Col 4 shows the lag with NA position preserved
Col 5 shows the new difference - now the return of 5 for 2009-11-07 is available
Cheers, Dave
x <- xts(c(100, 101, 97, 95, 99, NA, 104, 103, 103, 100), as.Date("2009-11-01") + 0:9)
# fake the lag I want, with NA kept in position
x.pos.lag <- lag.xts(x.pos)
x.pos.lag <- lag.xts(x.pos)
x.pos.lag['2009-11-07']=99
x.pos.lag['2009-11-06']=NA
cbind(x, lag.xts(x), x - lag.xts(x), x.pos.lag, x-x.pos.lag)
..1 ..2 ..3 ..4 ..5
2009-11-01 100 NA NA NA NA
2009-11-02 101 100 1 100 1
2009-11-03 97 101 -4 101 -4
2009-11-04 95 97 -2 97 -2
2009-11-05 99 95 4 95 4
2009-11-06 NA 99 NA NA NA
2009-11-07 104 NA NA 99 5
2009-11-08 103 104 -1 104 -1
2009-11-09 103 103 0 103 0
2009-11-10 100 103 -3 103 -3
There are no functions to do that natively in R, but you can create an index of the original NA positions and then swap the values there after the lag.
x <- xts(c(100, 101, 97, 95, 99, NA, 104, 103, 103, 100), as.Date("2009-11-01") + 0:9)

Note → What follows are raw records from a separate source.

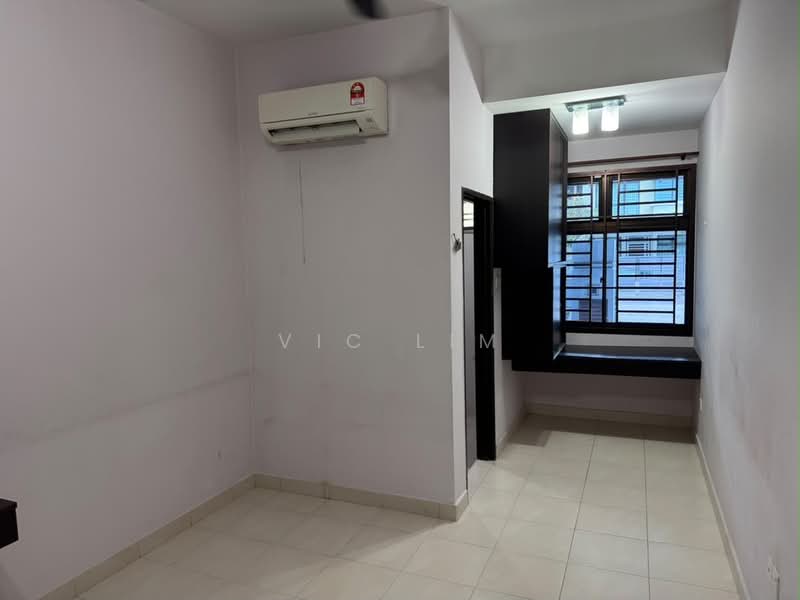 Rumah Teres 2 Tingkat untuk Dijual di Taman Redang (Johor Bahru) - Vic Lim - PropertyGuru.com.my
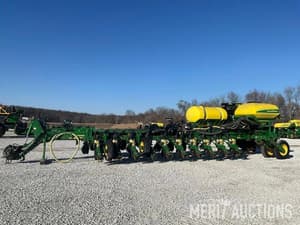 2009 John Deere 1770 Image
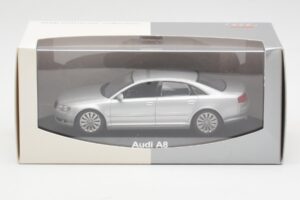 Audi A8 D3 Silver Minichamps 1:43 20000001386001 Diecast — photo 4 of 4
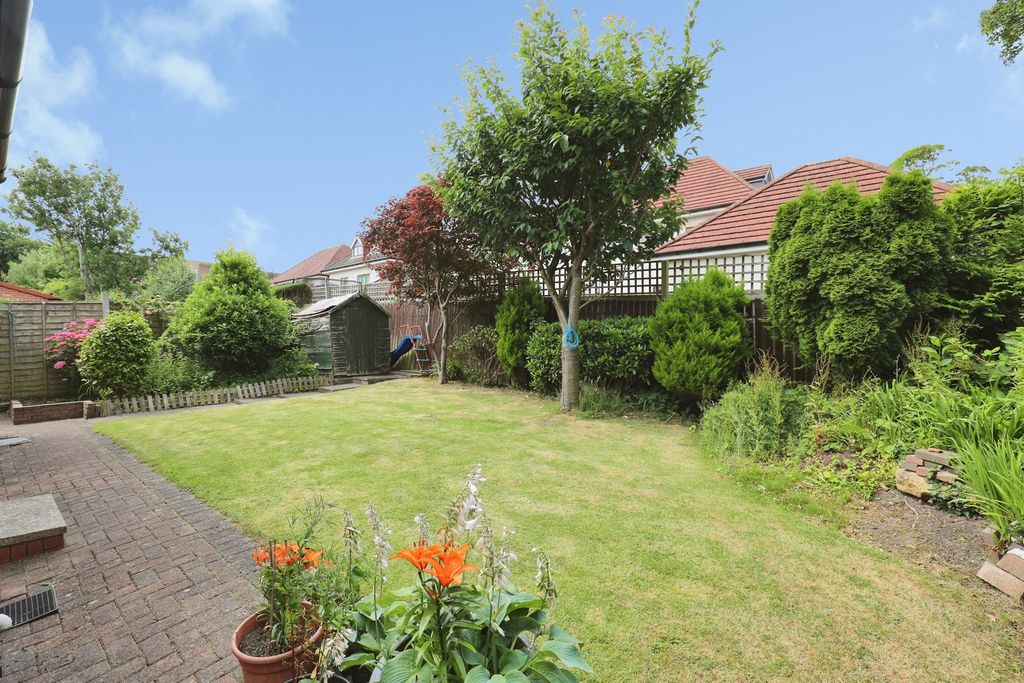 Property photo 2 of 16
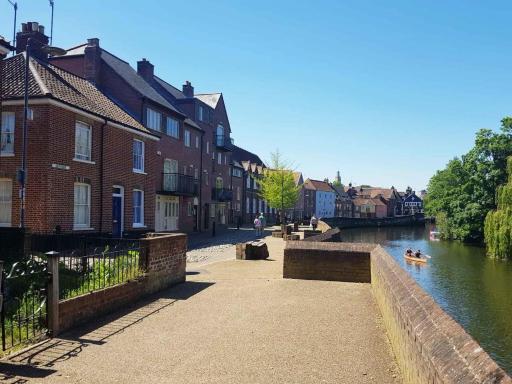 Quayside property 3BR 6 beds & Onsite Parking - Housity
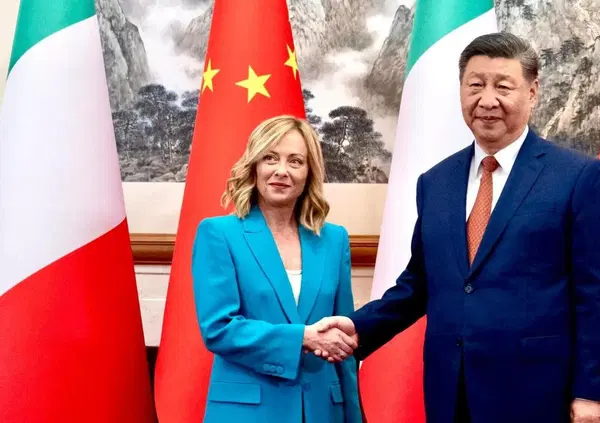 &ldquo;Giorgia Meloni ha sbagliato sulla Cina e a uscire dalla Via della seta. Ecco perch&eacute;&rdquo;. Parla l'esperta Daniela Caruso. E sugli Stati Uniti e il ruolo dell'Occidente...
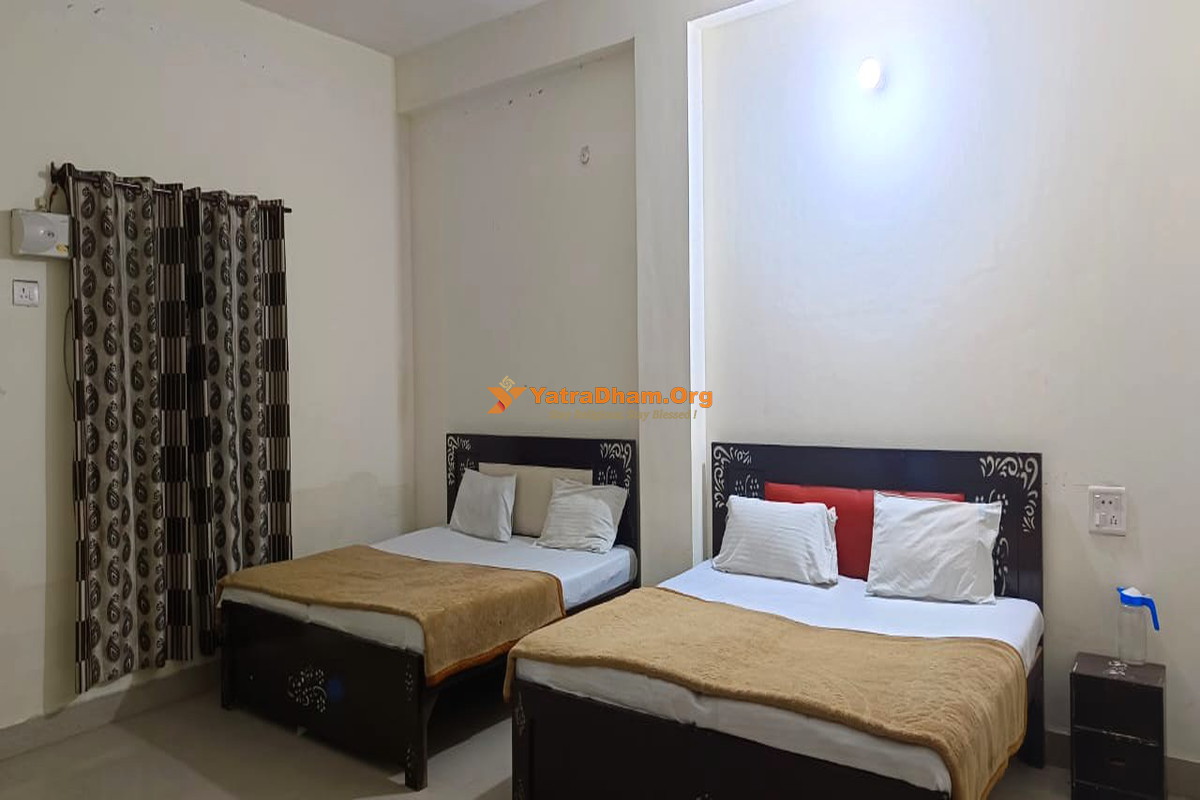 Hotel Shree Krishna Dham Vrindavan Room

lag.xts.na <- function(x, ...) {
na.idx <- which(is.na(x))
x2 <- lag.xts(x, ...)
x2[na.idx+1,] <- x2[na.idx,]
x2[na.idx,] <- NA
return(x2)
}
lag.xts.na(x)
[,1]
2009-11-01 NA
2009-11-02 100
2009-11-03 101
2009-11-04 97
2009-11-05 95
2009-11-06 NA
2009-11-07 99
2009-11-08 104
2009-11-09 103
2009-11-10 103
Incidentally, are you just trying to deal with weekends/holidays or something along that line? If so, you might consider dropping those positions from your series; that will dramatically simplify things for you. Alternatively, the timeSeries package in Rmetrics has a number of functions to deal with business days.